Non solo – infatti – la messa a disposizione del bene pacificamente e’ avvenuta in data 20 settembre 1994, ben anteriormente alla dichiarazione di fallimento dell’utilizzatore (pronunciata esclusivamente il (OMISSIS)), e quindi non esiste alcuna contraddizione tra le due circostanze, ma i giudici di appello hanno ritenuto la irrilevanza del sopravvenuto fallimento e delle altre vicende del bene sulla base dell’obbligo, assunto su di se’ dalla IMEP e dalla stessa senza ombra di dubbio non adempiuto, nella ipotesi di risoluzione anticipata del contratto di leasing, di provvedere a riprendere il possesso dei beni a sua cura e spese.

5.5. Anche il secondo motivo – relativo alla denunziata violazione, da parte della Corte di appello di Milano, degli artt. 633 e 634 c.p.c. per essere stato emesso il decreto ingiuntivo opposto in primo grado in assenza delle condizioni di legge (assumendosi il difetto di liquidita’, esigibilita’ e certezza del credito azionato nonche’ l’assenza di idonea prova scritta) – e’ inammissibile.

Deve ribadirsi, infatti, ulteriormente, che la opposizione a decreto ingiuntivo da luogo ad un ordinario giudizio di cognizione, inteso ad accertare la pretesa fatta valere e non se l’ingiunzione fu legittimamente emessa in relazione alle condizioni previste dalla legge.

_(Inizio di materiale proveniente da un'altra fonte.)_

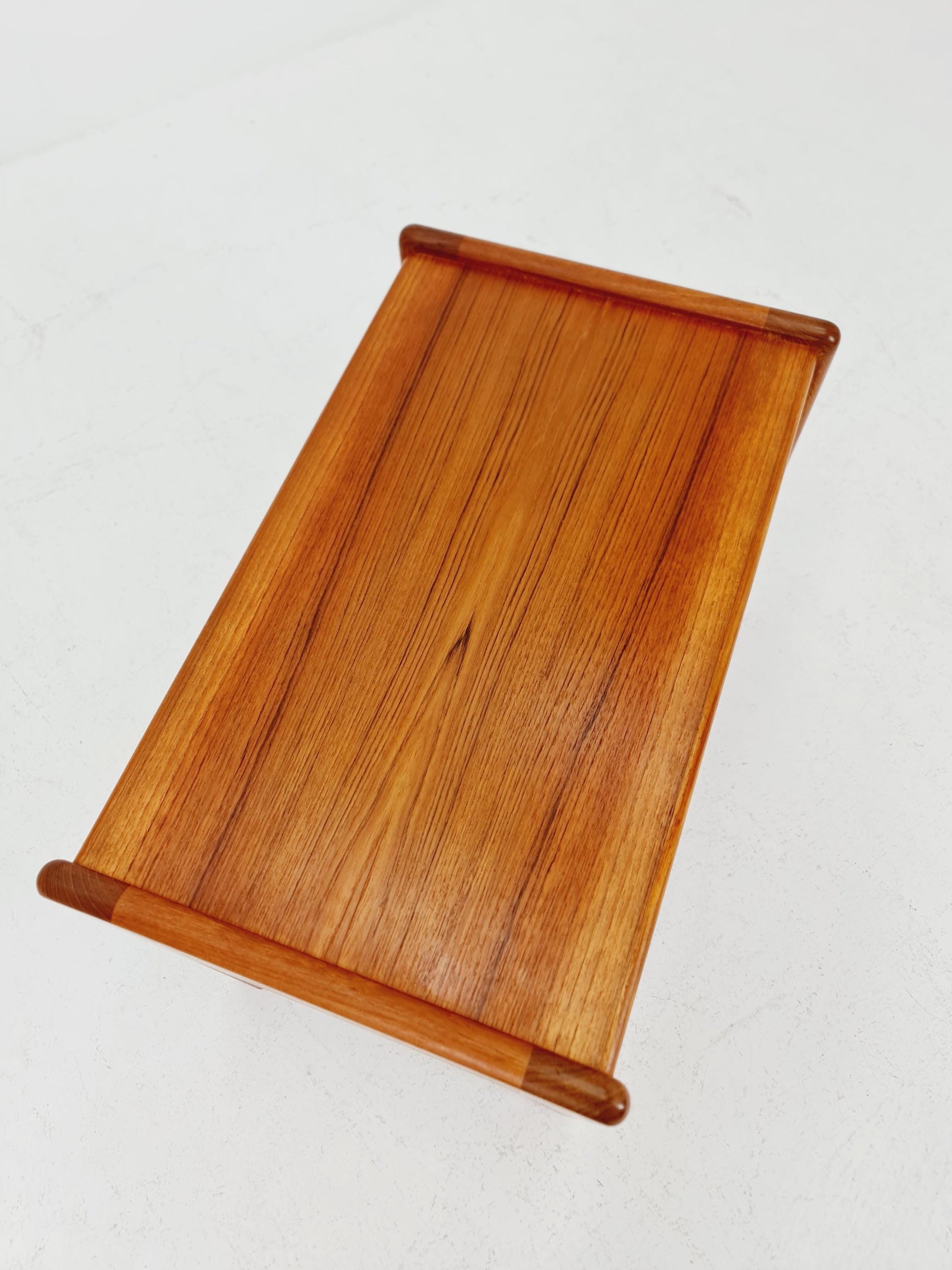 Midcentury Danish teak Side table/ Bedside table Kai Kristiansen Modell VM202 , 1960s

Pertanto in sede di opposizione l’eventuale carenza dei requisiti probatori puo’ rilevare soltanto ai fini del regolamento delle spese processuali, ditalche’ l’impugnazione della sentenza non puo’ essere dedotta solo per far accertare la sussistenza o meno delle originarie condizioni di emissione del decreto, se non sia accompagnata da una censura in tema di spese processuali (in termini, ad esempio, Cass. 15 luglio 2005, n. 15037. Sempre nello stesso senso, Cass. 12 gennaio 2006, n. 419; Cass. 5 marzo 2000, n. 3591).

6. Risultato infondato in ogni sua parte, il proposto ricorso, in conclusione, deve rigettarsi, con condanna della ricorrente al pagamento delle spese di questo giudizio di legittimita’, liquidate come in dispositivo.

PQM

LA CORTE Rigetta il ricorso;

condanna la ricorrente al pagamento delle spese di questo giudizio di legittimita’, liquidate in Euro 200,00, oltre Euro 1.600,00 per onorari e oltre spese generali e accessori come per legge.

Cosi’ deciso in Roma, nella Camera di consiglio della Sezione Terza Civile della Corte di Cassazione, il 27 gennaio 2010.